PROBLEM TO SOLVE: Go to the line holding "Sport Kayaking Pendant" in the data below and repeat it exactly, then each line after it up to and including the one holding "Blue Pink Chic". Omit pictures.

EXTRACTED RECORDS:
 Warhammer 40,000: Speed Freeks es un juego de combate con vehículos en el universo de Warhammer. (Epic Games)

* * *

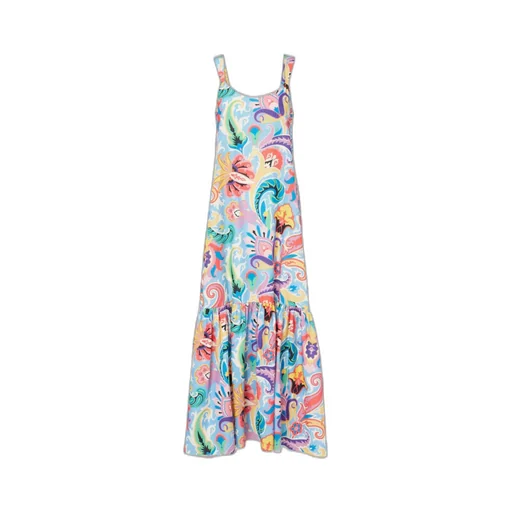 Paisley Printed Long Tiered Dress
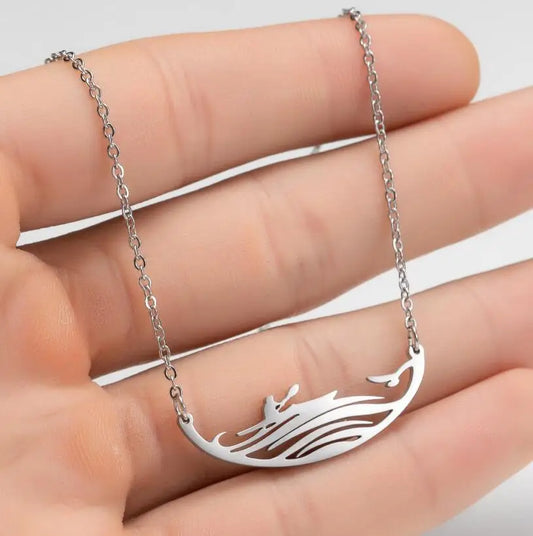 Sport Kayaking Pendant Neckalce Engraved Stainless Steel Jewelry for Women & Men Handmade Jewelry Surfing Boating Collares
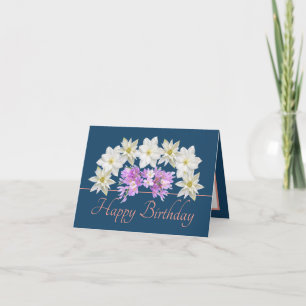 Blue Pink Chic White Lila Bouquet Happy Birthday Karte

RESPONSE:
 Sport Kayaking Pendant Neckalce Engraved Stainless Steel Jewelry for Women & Men Handmade Jewelry Surfing Boating Collares
 Blue Pink Chic White Lila Bouquet Happy Birthday Karte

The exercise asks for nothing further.